• **Brief**: The whole of the data must be transcribed exactly.

=======

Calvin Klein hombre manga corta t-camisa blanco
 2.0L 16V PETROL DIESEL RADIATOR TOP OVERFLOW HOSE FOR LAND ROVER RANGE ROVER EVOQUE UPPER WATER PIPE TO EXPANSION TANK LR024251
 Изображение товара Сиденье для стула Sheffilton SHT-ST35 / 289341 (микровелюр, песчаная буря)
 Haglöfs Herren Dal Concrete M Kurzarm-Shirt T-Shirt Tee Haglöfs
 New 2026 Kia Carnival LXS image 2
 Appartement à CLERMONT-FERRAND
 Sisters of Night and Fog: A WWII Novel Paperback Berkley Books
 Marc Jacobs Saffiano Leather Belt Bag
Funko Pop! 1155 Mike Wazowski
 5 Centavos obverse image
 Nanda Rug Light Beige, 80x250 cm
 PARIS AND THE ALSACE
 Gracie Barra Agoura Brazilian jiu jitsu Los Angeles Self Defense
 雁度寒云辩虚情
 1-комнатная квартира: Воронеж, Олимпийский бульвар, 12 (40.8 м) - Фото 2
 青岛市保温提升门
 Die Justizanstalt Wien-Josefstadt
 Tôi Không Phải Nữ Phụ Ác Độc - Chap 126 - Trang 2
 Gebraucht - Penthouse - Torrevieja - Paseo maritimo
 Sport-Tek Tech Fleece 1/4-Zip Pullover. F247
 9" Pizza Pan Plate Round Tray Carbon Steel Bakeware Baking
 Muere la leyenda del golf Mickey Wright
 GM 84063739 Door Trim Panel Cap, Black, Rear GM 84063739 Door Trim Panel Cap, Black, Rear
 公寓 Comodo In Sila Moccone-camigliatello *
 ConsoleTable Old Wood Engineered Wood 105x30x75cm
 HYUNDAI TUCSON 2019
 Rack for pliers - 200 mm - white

=======

• **Task response**:
Calvin Klein hombre manga corta t-camisa blanco
 2.0L 16V PETROL DIESEL RADIATOR TOP OVERFLOW HOSE FOR LAND ROVER RANGE ROVER EVOQUE UPPER WATER PIPE TO EXPANSION TANK LR024251
 Изображение товара Сиденье для стула Sheffilton SHT-ST35 / 289341 (микровелюр, песчаная буря)
 Haglöfs Herren Dal Concrete M Kurzarm-Shirt T-Shirt Tee Haglöfs
 New 2026 Kia Carnival LXS image 2
 Appartement à CLERMONT-FERRAND
 Sisters of Night and Fog: A WWII Novel Paperback Berkley Books
 Marc Jacobs Saffiano Leather Belt Bag
Funko Pop! 1155 Mike Wazowski
 5 Centavos obverse image
 Nanda Rug Light Beige, 80x250 cm
 PARIS AND THE ALSACE
 Gracie Barra Agoura Brazilian jiu jitsu Los Angeles Self Defense
 雁度寒云辩虚情
 1-комнатная квартира: Воронеж, Олимпийский бульвар, 12 (40.8 м) - Фото 2
 青岛市保温提升门
 Die Justizanstalt Wien-Josefstadt
 Tôi Không Phải Nữ Phụ Ác Độc - Chap 126 - Trang 2
 Gebraucht - Penthouse - Torrevieja - Paseo maritimo
 Sport-Tek Tech Fleece 1/4-Zip Pullover. F247
 9" Pizza Pan Plate Round Tray Carbon Steel Bakeware Baking
 Muere la leyenda del golf Mickey Wright
 GM 84063739 Door Trim Panel Cap, Black, Rear GM 84063739 Door Trim Panel Cap, Black, Rear
 公寓 Comodo In Sila Moccone-camigliatello *
 ConsoleTable Old Wood Engineered Wood 105x30x75cm
 HYUNDAI TUCSON 2019
 Rack for pliers - 200 mm - white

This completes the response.